Let us understand that time and chance happen to us all and that we all must repent.
We will look at disasters, governments that kill, tragic accidents and the need for all of us to repent.
Disasters and divine punishment
Are catastrophes God’s judgment on the sins of others? While such claims seem to be justified by stories of divine judgment the Bible teaches that not every calamity is God’s punishment. What would Jesus say about judging suffering? In Luke 13:1-9 Jesus answered religious people who made such claims about similar disasters. A political murder and a local construction disaster were not reasons for believing that the victims were any more sinful than the rest of us. Such self-righteous judgmentalism seemed to disgust Jesus who replied that we all need to repent or perish. As Ecclesiastes plainly teaches, time and chance happen to us all. Not every loss is punishment, just as not every gain is a reward. Even when punishment is due, rather than chastise immediately, Jesus showed God’s preference to give us a second chance to repent.
Wrong idea of God
Even Christians can get a wrong idea of God. We imagine a God who is out to get us, like that old George Jones and Tammy Wynett country song, “God’s gonna get’cha for that. Every wrong thing that you do, God’s gonna get’cha for that.” We imagine a harsh Father in heaven and a pleading Jesus trying to get us out of trouble. But the Bible says that God’s faithful love endures forever. That is the thrust of the argument in Luke 13:1-9 where Jesus answers the hypocrisy that exists in all of us when we point the accusing finger of blame. Human atrocity or simple accidents are not always God’s punishment. We have all sinned and face ultimate destruction in hell unless we repent. But, God has given us all extra time to repent. Let’s not waste it.

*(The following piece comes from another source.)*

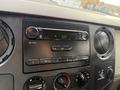 Dashboard of a 2008 Ford F-450 featuring a radio with buttons for AM FM and a digital clock display showing 527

Mass murders by governments
Just about every human government that has ever existed has been responsible for mass murder. Is that God’s way of punishing evil? What about the mass murders committed by the Empire of Japan, the Soviet Union and Nazi Germany? Were those victims worse people than us? What about the bombing of Dresden, Hamburg, Hiroshima and Nagasaki? Were those women and children worse than us? What about the massacres of history? Were they God’s punishment? In Luke 13:1-9 Jesus described a massacre of worshipers by Pilate, who apparently killed them in the very act of worshiping God. Was their worship insincere? Was it tainted? Such judgmental questions annoy Jesus, because as he said, we will perish too unless we regret our wrongs. Human governments claim to judge between the right and wrong but their opinions do not constitute divine judgment.

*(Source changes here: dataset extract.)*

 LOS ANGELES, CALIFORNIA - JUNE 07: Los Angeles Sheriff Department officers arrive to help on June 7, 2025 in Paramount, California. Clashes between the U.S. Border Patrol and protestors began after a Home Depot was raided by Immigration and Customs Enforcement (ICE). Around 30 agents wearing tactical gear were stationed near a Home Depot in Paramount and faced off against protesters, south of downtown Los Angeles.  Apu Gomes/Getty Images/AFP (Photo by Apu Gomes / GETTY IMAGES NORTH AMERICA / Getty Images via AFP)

Were the 1,500 people who died i the Titanic punished by God? What about the 4,000 victims of Chernobyl or the 20,000 killed in Bhopal? What about the 7 crew members who perished in the Challenger space shuttle disaster? Are accidents God’s way of punishing us? Jesus answered the question in the context of an apparent construction accident (Luke 13:1-9). 130 were killed in the 1944 East Ohio Gas Explosion and 114 were killed in the 1981 Kansas City Hyatt Regency walkway collapse. Were they worse sinners than we are? Just like the 18 who died in the Tower of Siloam collapse, they were probably no worse or better than you and me. Unless we all repent we too will perish. We love to judge the fate of others, but Jesus reminds us to judge ourselves.
Repent or perish
We are all guilty of preferring a lukewarm version of Christianity to repentance. It’s as if we sing from a different hymnal. #57 O for a dozen tongues to sing; #89 Joyful, joyful, we kinda like thee; #110 A comfy mattress is our God; #136 The Lord’s my shepherd, I’m nonchalant; #140 Late is thy faithfulness; #176 Gadgetry, worship our gadgetry; #191 Jesus loves me, status quo; #196 Come thou long neglected Jesus; #299 When I survey the profit and loss; #349 Turn your eyes to my thesis; #354 All to Jesus I’m the lender; #369 Just like insurance, Jesus is mine; #526 What an acquaintance we have in Jesus; #575 Onward kitchen soldiers. We feel safe because we attend church, but Jesus warned in Luke 13:1-9 that there’s more to it. Unless we repent we will all perish.
Rather than judge those who suffer let's look at ourselves and understand that we still have a chance to repent.